Miller said this season — the Red Elephants’ second as a Class 6A team — is the first time he has noticed a decline in his own roster numbers. 

He agrees with other coaches in asserting the main reason for fewer players participating in football is what they perceive as a lack of commitment to the year-round work the sport requires for excellence.

“Just being honest, a lot of kids are not willing to work hard enough to be as good as they need to be in football,” Miller said. “We live in a ‘microwave’ generation — we want to put it in for 30 seconds and have it be good. Football is kind of a crockpot sport; you put it in and let it simmer and get better. 

“You’ve got to be in the weight room, in the classroom and doing things. A lot of kids don’t want to wait on things anymore and are looking for other sports where that can happen and they can be an instant success.”

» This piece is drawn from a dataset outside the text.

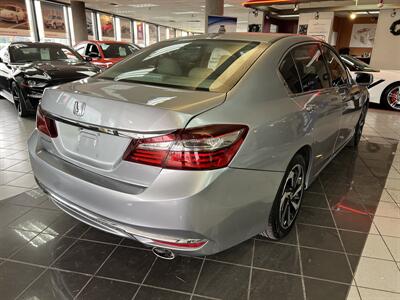 2017 Honda Accord EX-L V6 4DR SEDAN   - Photo 6 - Hamilton, OH 45015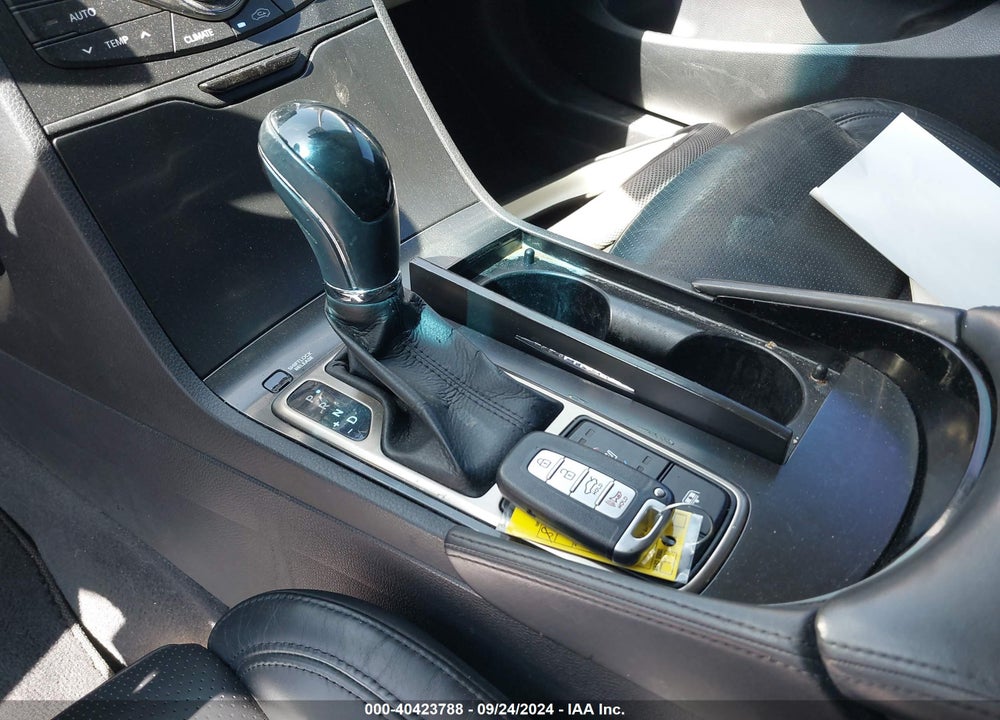 2012 HYUNDAI AZERA VIN: KMHFH4JGXCA169328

Gray, though, identified at least one silver lining in fielding a smaller team. He said East Hall’s total of 58 players is just about the optimal number for giving every kid some playing time from ninth grade to junior varsity to Friday nights.

Though coaches aren’t convinced decreasing roster sizes portend the demise of football in the near future, it’s not a trend they’re particularly fond of.

“As a person that played football for about 17 or 18 years, I can say the benefits of playing football and being on a team set you up for the future long after your finish playing,” Gray said. “I wish everybody had 200 kids because they’d benefit greatly.”